Short descriptive text snippets
• • • • •
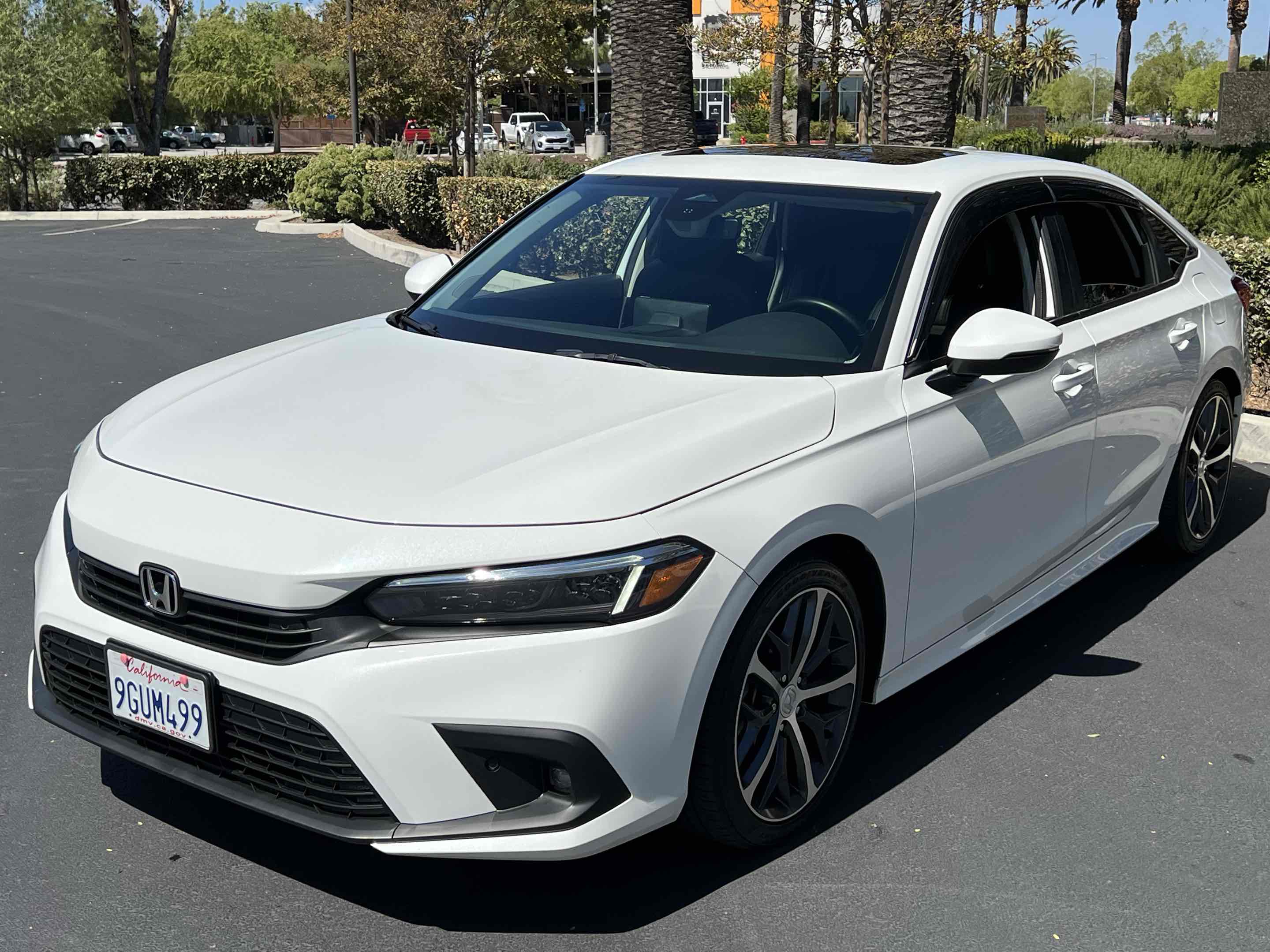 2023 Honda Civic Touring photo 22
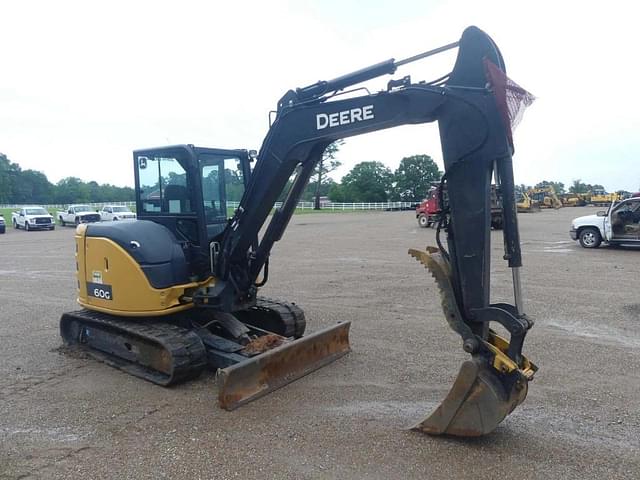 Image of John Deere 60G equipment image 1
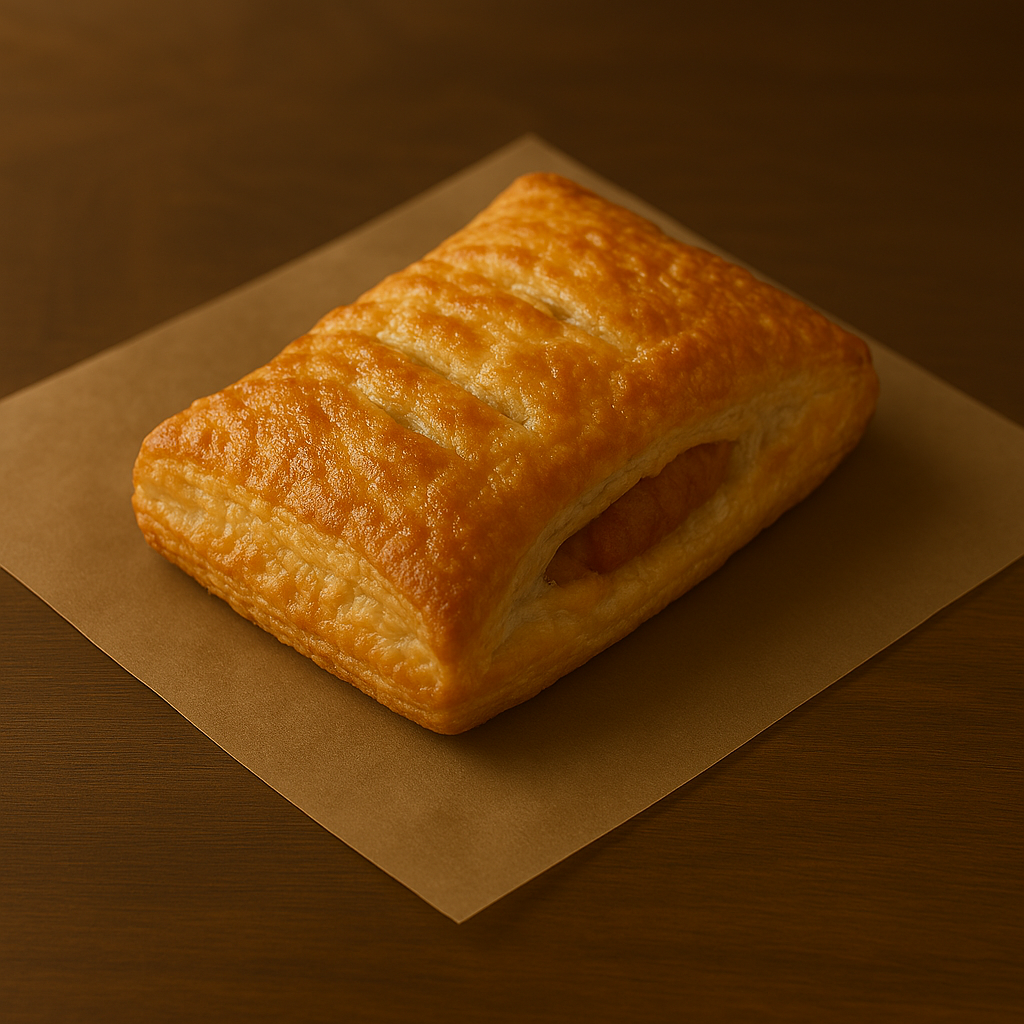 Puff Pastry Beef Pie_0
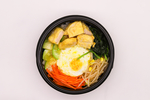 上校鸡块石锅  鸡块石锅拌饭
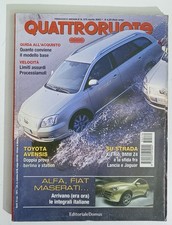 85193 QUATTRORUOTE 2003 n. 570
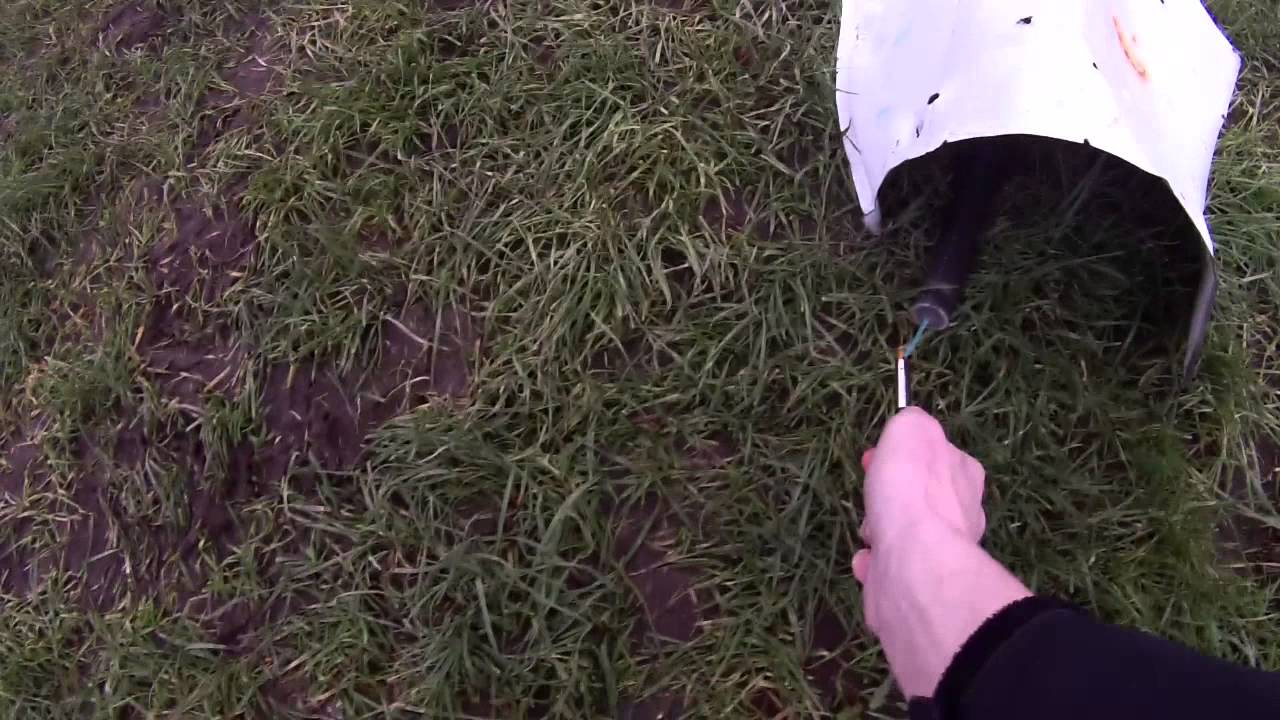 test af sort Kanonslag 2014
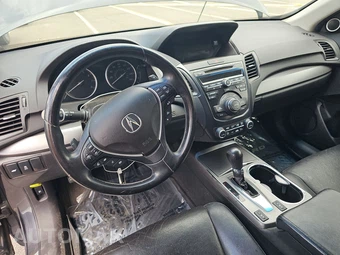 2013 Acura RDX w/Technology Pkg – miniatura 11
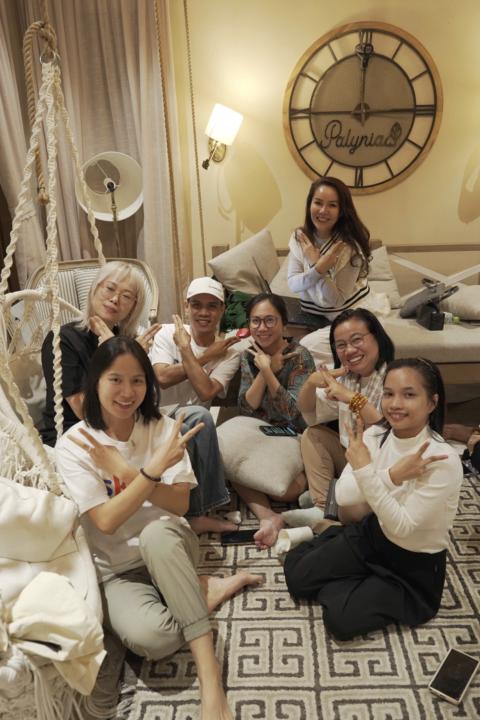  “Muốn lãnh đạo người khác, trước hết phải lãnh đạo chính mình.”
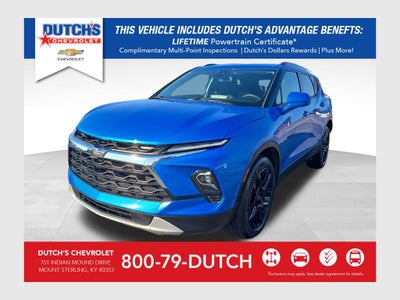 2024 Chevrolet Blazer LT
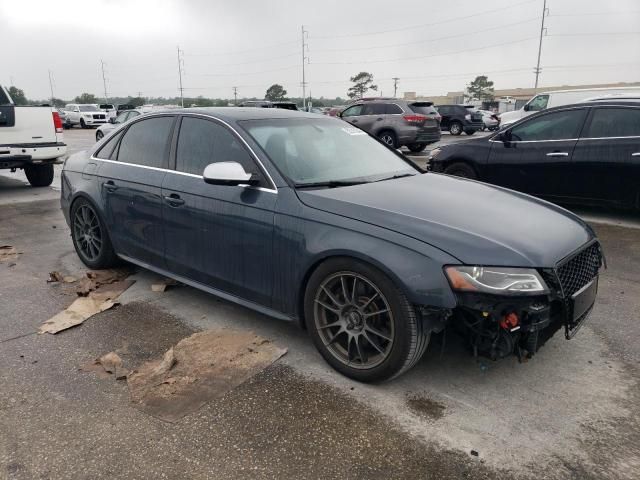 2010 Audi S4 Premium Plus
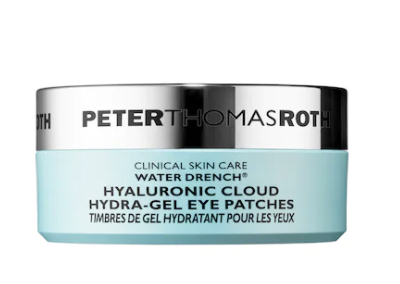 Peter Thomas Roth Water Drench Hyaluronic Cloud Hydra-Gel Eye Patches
• • • • •
Your task is to retype, exactly and only, the lines from the line holding "2010 Audi S4 Premium Plus" through the final line of the data above, with both ends kept. Drop the pictures.

 2010 Audi S4 Premium Plus
 Peter Thomas Roth Water Drench Hyaluronic Cloud Hydra-Gel Eye Patches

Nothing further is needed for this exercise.